I woke up Saturday morning and the first thing I thought of was that I had bronchitis! My son had been sick the week before and I must have caught it. I ended up feeling really rotten and my chest hurt horribly. I had a fever and slugged around all weekend. I had two cigarettes on Saturday. The last one I had Saturday hurt and I threw it out before I even smoked half of it. I went the rest of the day without smoking.
When I woke up Sunday, I figured I might as well not smoke because it hurt too darned much. I went all day Sunday without smoking. I woke up Monday and thought, I am this far into a quit so I had better not smoke today either. It was really very easy compared to other times probably because I was sick so I went with it.
Today is Thursday and I am on my fifth smoke-free day!! I have absolutely no desire whatsoever to smoke. Sure, I have felt withdrawl and have heard "that voice" a time or two. The difference is that I truly do not want to smoke this time. My chest is still in an uproar from the bronchitis and now from not smoking.

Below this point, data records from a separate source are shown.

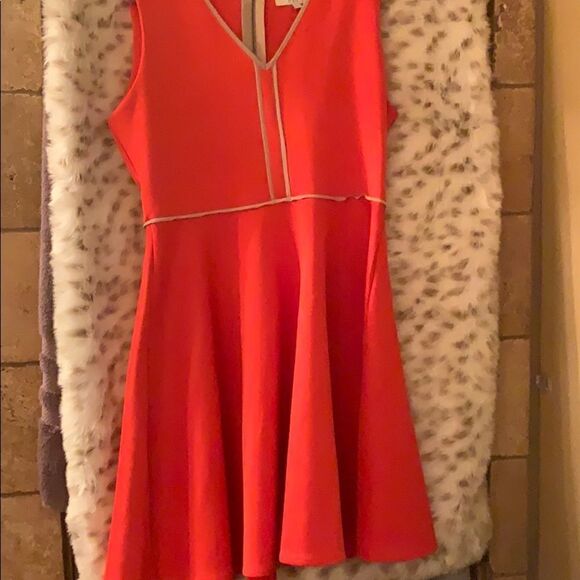 Dress - Picture 1 of 4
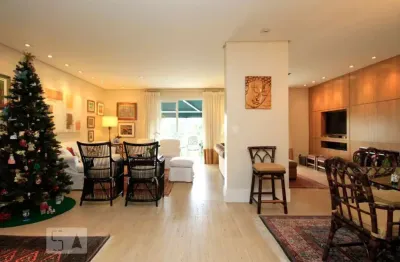 Casa com 3 quartos à venda na Rua Itatinga, Pacaembu, São Paulo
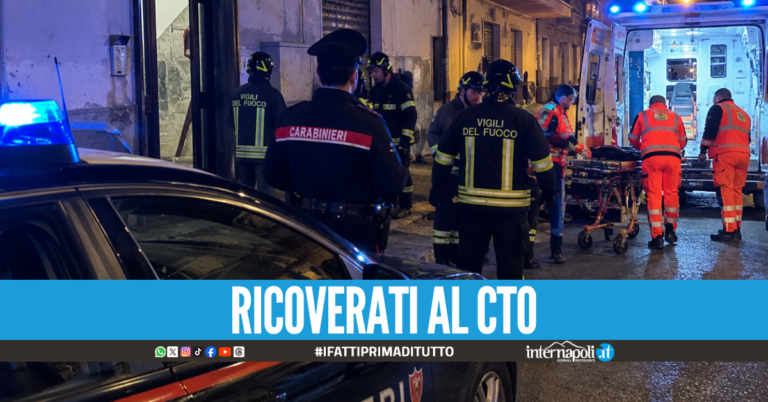 Crolla il pavimento della cucina a Napoli, padre e figlio precipitano al piano di sotto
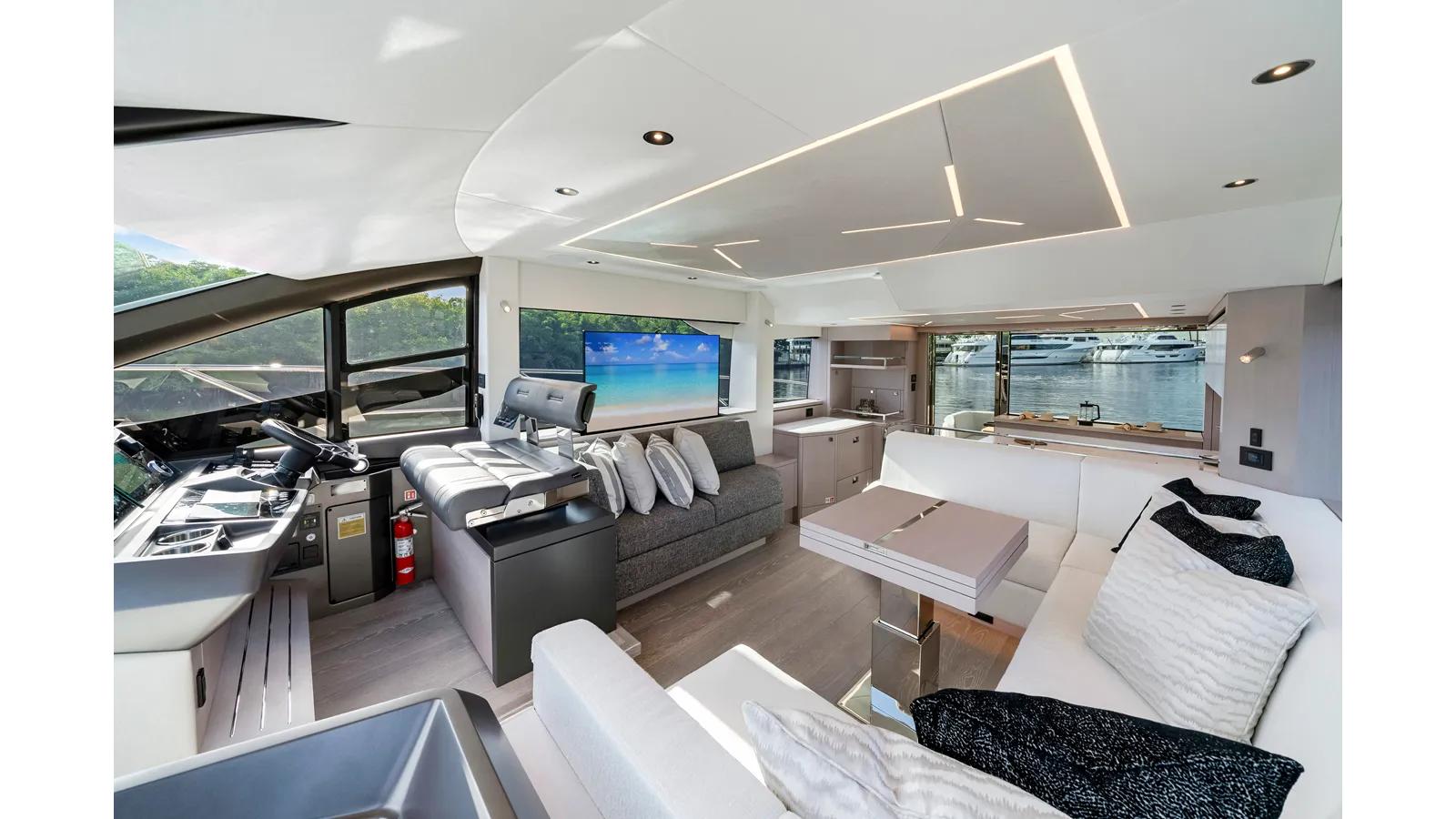 Buy a MANHATTAN 55 55 at Shestakov Yacht Sales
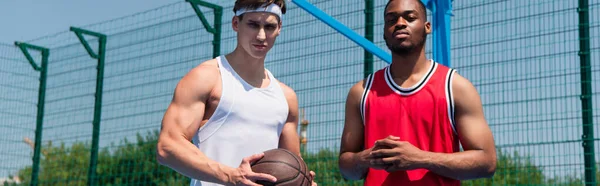 Міжрасові Баскетболісти Дивляться Камеру Ігровому Майданчику Банер — стокове фото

I am so excited because I know that this is it! I never want to go back to the smoking lifestyle. I do not want to go outside in the freezing cold to get my fix. I don't want to go out on a warm summer day and ruin the fresh air by smoking. I refuse to harm my lungs any further. From now on, I will let my body heal and hope I did not do too much damage.
After I stopped smoking, I came across a website called WhyQuit. If you have not been there, go now. It scared the living crap out of me! Sure, I have heard it all before but for some reason this site really made it sink in. It helped to diminish the feelings of withdrawl. Maybe it was my recent birthday that helped me this time. I am not getting any younger...... the time to quit for me is now. I did it and I will never go back. Not one puff, not ever!
How is everyone else doing? Mandy? Vernon, you still doing great? Dru, where is Dru??? Gigi? And you?